The craft of data modelling

Ravikiran durbha
Data And Beyond
Published in
3 min readAug 13, 2022

why it’s even more relevant today than before.

Data modelling as a role appears to be dying or so it has seemed since the advent of NoSQL, schema-on-read and Data Lakes. Organizations seem to be investing lesser on data modelers and more on data scientists and data engineers. There is a premium on insight and they can’t get it fast enough. There is a prevailing thought that data modeling evolved to reduce redundancy in storage and storage evolved to become very cheap, rendering data modelling economically irrelevant.

Data engineering promised to bring the best practices from software engineering to data but seems to have left behind the principles of data modeling. To be sure, the role of a data modeler has certainly changed but the craft is still valuable to an organization, especially when it is embraced by data engineering.
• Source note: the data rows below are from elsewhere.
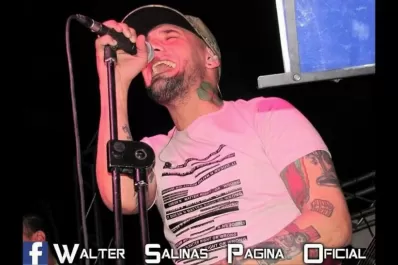 Con barra propia, Walter Salinas anima la fiesta de la espuma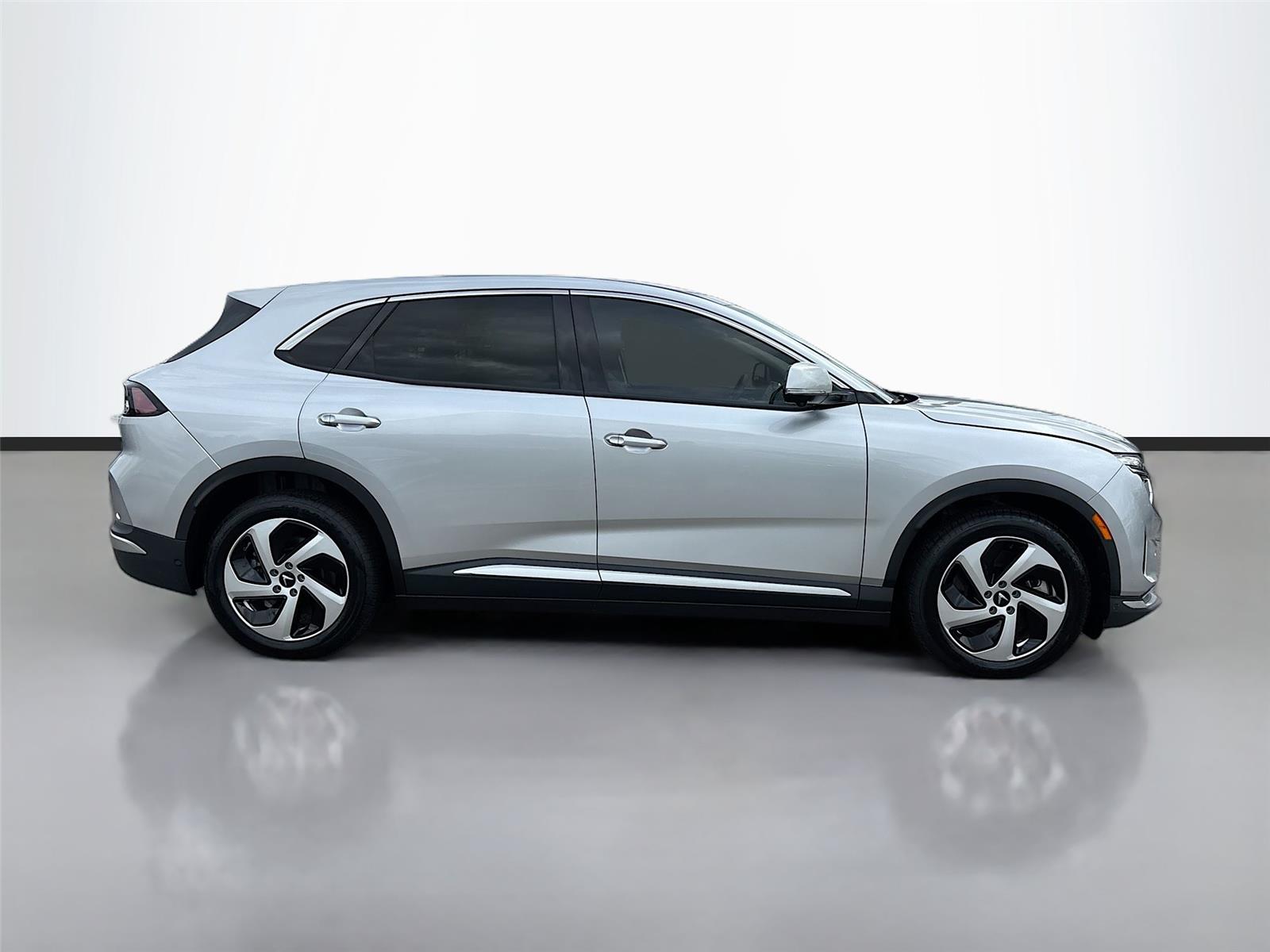 2025 VinFast VF 8 Eco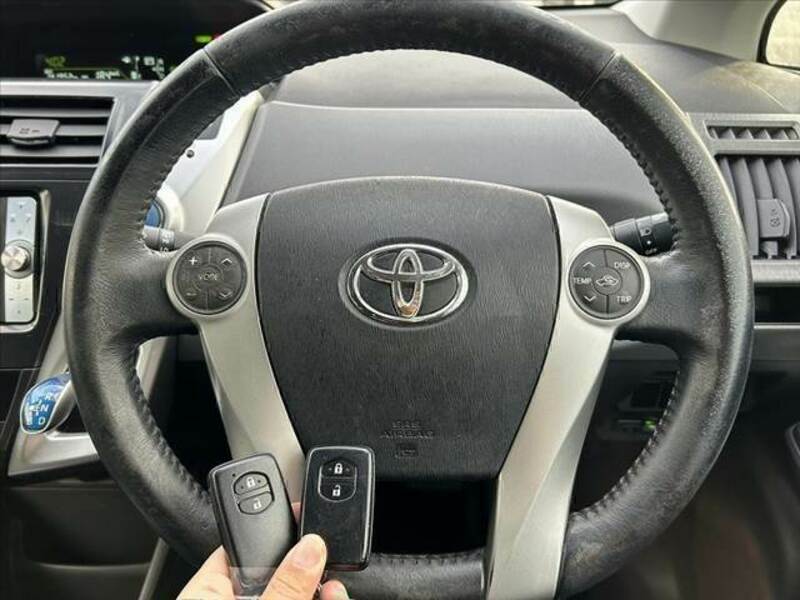 PRIUS ALPHA-4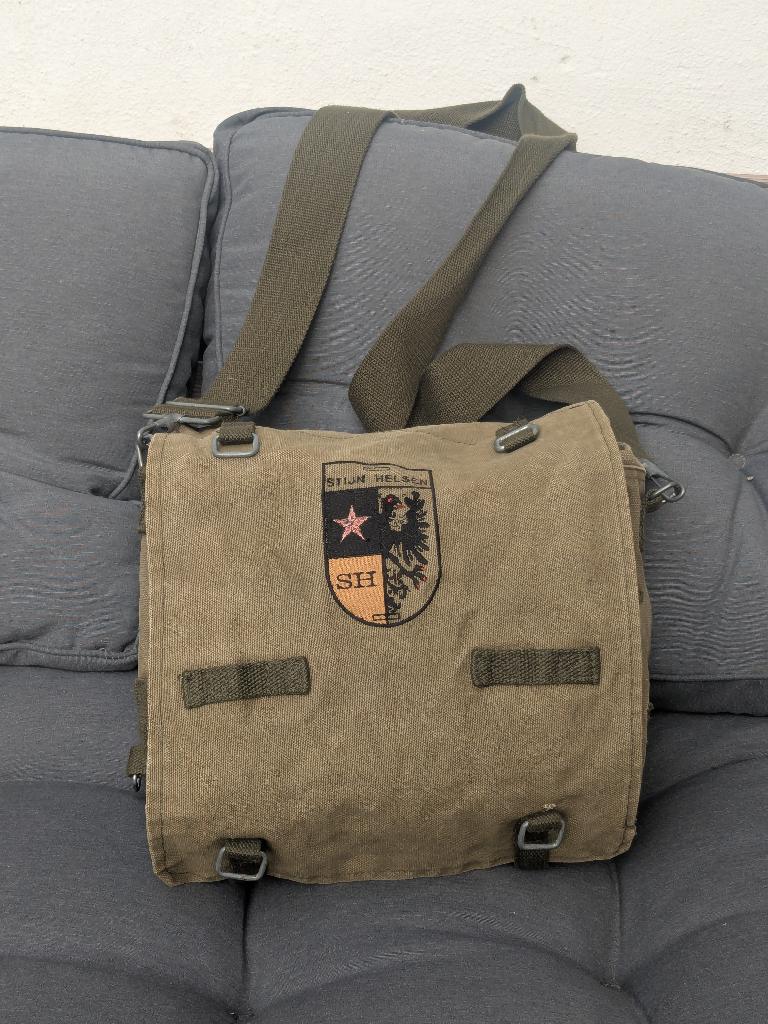 Stijn Helsen army tas, Ophalen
Steve Hoberman, Author and data modeler extraordinaire, said “Data modeling is the process of learning about the data, and the data model is the end result of the data modeling process”. It would seem that it is important to learn the data before we can deliver insights from it.
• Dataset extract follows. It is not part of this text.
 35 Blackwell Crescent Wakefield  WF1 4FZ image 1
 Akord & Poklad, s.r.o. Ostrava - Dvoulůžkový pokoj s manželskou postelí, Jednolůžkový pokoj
It is true that Data modelling may seem incongruent to agility. After all, one has to understand all the rules governing the business process before defining the entities and their relationships that are part of this process. Albeit, if we consider that modelling is really an exercise of collaboration with business and not something that IT works in isolation to deliver to business, agility ceases to be a factor.

There are core tenets in data modelling that are invaluable to any modern data stack to deliver high quality insights. There maybe different data modelling patterns in practice like 3NF, Dimensional Models, Data Vault etc., but these principles are universal and are agnostic of underlying implementation.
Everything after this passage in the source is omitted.